Le titre PROMENADE OBLIGATOIRE est tiré du livre Nous autres d’Ievgueni Zamiatine, l’une des premières utopies négatives du XXème siècle, qui a inspiré Le Meilleur des mondes d'Aldous Huxley et 1984 de George Orwell. Dans l’univers de Zamiatine, écrivain, ingénieur naval et amateur de métaphores mathématiques, la vie de société est réglée au métronome, comme une chorégraphie perpétuelle : tous les « numéros » pratiquent les mêmes gestes aux mêmes minutes règlementaires, depuis le lever jusqu’au coucher. La promenade obligatoire fait partie de cette « Table des Heures ». C’est un moment de loisir et de détente pour l’ensemble des numéros, qui se plongent dans le bien-être de la marche en rang quatre par quatre. L’état de synchronisation apparaît ici comme un absolu presque religieux, comme une victoire de l’homme face à l’incertitude de la nature, comme une négation du changement et de la mort. L’enjeu de PROMENADE OBLIGATOIRE est de faire apparaître cet état de synchronisation au cours de la transformation d’une masse organique constituée par un groupe de danseurs.

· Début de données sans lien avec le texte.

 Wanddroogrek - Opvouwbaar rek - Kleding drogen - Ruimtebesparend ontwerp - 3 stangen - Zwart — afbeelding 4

Evanescents, les multiples états dans lesquels les danseurs sont plongés découlent les uns des autres, au sein d’un mouvement continu et cyclique parcouru d'infinies variations. Les formes exprimées, accumulées dans une « base de données » commune, symbole de l’inconscient collectif, se confrontent au processus de la mémoire et de l’oubli, au désir de créer et à l’instinct. A travers les différentes contraintes de forme qui se succèdent transparaissent des conceptions distinctes de la liberté. Affranchissement de l’homme par rapport à la nature, à travers des choix délibérés de formes artificielles évoquant la valeur de sa volonté. Affranchissement de l’individu au sein de la collectivité, par la séparation, l’opposition ou la différenciation. Liberté à l’état « sauvage », où l’instinct, rattaché à la mémoire collective, met le corps en résonance avec les formes les plus appropriées à sa survie (idée développée dans la théorie des champs morphiques[1]).

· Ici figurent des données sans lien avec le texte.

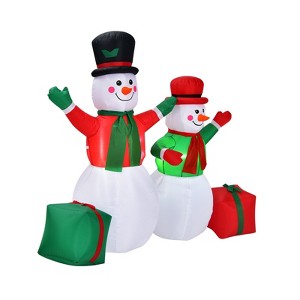 Gymax 6' & 5' Inflatable Xmas Snowmen Set w/ Built-in LED Lights & Sandbag Blowup Decoration for Indoor and Outdoor - 1 of 4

Sur une création musicale électronique contemporaine jouant sur la boucle, le battement de la mesure et la distorsion des sonorités, le spectacle est constitué de trois cycles de 21 minutes chacun. Les interprètes, particules chimiques en cours de réaction, composent une matière mouvante en renouvellement perpétuel, qui se déverse comme un flux dans un espace sous tension. Ils forment des ensembles « moléculaires » se transformant, s’associant et se désagrégeant au cours de leur progression vers l’avant. Paradoxalement, leurs mouvements ne sont pas « naturels » dans le sens de l’improvisation, mais chorégraphiés de manière précise, selon des partitions décrivant des opérations mathématiques et des réactions chimiques. Dans cet ordre du vivant en perpétuel remaniement, d’infinies variations de forme sont exprimées, en passant, inéluctablement, par l’unisson.


Marche de l'histoire, évolution organique, devenir de l'individu, PROMENADE OBLIGATOIRE est une mise en évidence de notre impuissance face à la marche du temps et à l’intelligence de la nature.
C’est aussi la danse « popping » que j’ai voulu mettre en avant par cette création, qui pour la première fois exploite exclusivement cette gestuelle. Les poppeurs, capables de traverser différents états de corps et de jouer sur la rupture, y sont amenés à exploiter toute la richesse de leur répertoire très spécifique. Celui-ci est dissocié par les contraintes de la chorégraphie, la recherche portant ensuite sur des éléments isolés. Le popping, danse ordinairement frontale, est ici exploité de profil. Les danseurs sont également amenés à entrer en contact : autant d’éléments chorégraphiques favorisant l’innovation technique. »

Notes

[1] Selon la théorie de Ruppert Sheldrake, les champs morphiques façonnent les différents types d'atomes, d'organismes vivants, de sociétés, ou même de coutumes, expliquant des phénomènes tels que les migrations animales ou la télépathie. Ces champs contiendraient une mémoire inhérente acquise par un processus de résonance avec l’inconscient collectif de chaque espèce.